И вот они гурьбой выходят. Все в полушубках. А скоба не очень острая, надо точно попасть в глотку. Пока они очухались, я с ходу самому главному врубил ее под кадык. Кровь фонтаном. Этот замертво, остальные разбежались. Мне, конечно, намотали новый срок. Тогда расстрела не было. И как раз отправили в такой лагерь, где людей на кол сажали.
Однажды я узнал, что его арестовали. Говорят, он в Москве проиграл в карты огромную сумму денег. Приехав в Абхазию, он собрал эти деньги и через людей несколькими партиями отправил в Москву.

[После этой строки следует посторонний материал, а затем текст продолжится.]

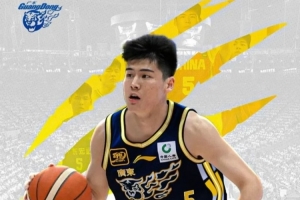 广东男篮官方：陈家政&王洪泽正式升入一队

К этому времени богачи, возможно, им пришлось покрывать его карточные долги, перешли в решительное наступление. Оставшимися деньгами они так основательно прочистили уши местной милиции, что до нее дошел горестный вопль не слишком подпольных миллионеров. Милиция, узнав о том, что он с огромной суммой денег должен отправиться в Москву, схватила его в Адлеровском аэропорту. Но при нем не оказалось ни денег, ни оружия.
Тем не менее его арестовали. Через некоторое время начался суд, и он, говорят, очень остроумно и умело защищался против выдуманных обвинений, поскольку, будучи скромными служащими, наши миллионеры не хотели оглашать тайны своего финансового гарема. Даур, говорят, защищался долго и упорно, дал обоснованный отвод одному судье, а потом вдруг сбежал прямо из здания суда.
Была какая-то романтическая версия, связанная с цыганами, но потом его двоюродный брат рассказал, как на самом деле совершился побег. Во время перерыва судебного заседания к Дауру пришла Зейнаб чуть ли не со спальным мешком и, по-видимому, спев молоденькому конвоиру арию «Последнее свидание», уговорила его оставить их вдвоем. Он их оставил, и они, воспользовавшись, нет, не спальным мешком, а тем, что конвоир не знал, что здание суда имеет черный ход, просто вышли и сели в ожидавшую их за углом машину.
Через год его поймали в Москве. На этот раз с оружием и уже судили за побег из-под стражи и ношение оружия. Он получил пять лет и все еще находится в Сибири.
И вот после всего сказанного я возвращаюсь к Андрею, подозрительно заглянувшему мне в глаза и спросившему:
— А ты мою Зейнаб не знал?
— Нет, — сказал я для краткости, которая обернулась теперь столь длинным пояснением.
Мы двинулись дальше, и Андрей поведал мне свою историю.
— Встретились мы с нею так. Я был в гостях у друзей и поздно вечером возвращался домой навеселе. Только завернул за угол у самого моего дома, как вижу такую картину. На тротуаре у забора стоят двое парней, и один из них нещадно лупит девушку, а она молча прячет лицо, но изредка, ощерившись, и сама пытается его ударить. Но лупил он ее страшно, затрещины звенели на весь квартал.
— Что ты делаешь, подлец! — крикнул я и подбежал к нему.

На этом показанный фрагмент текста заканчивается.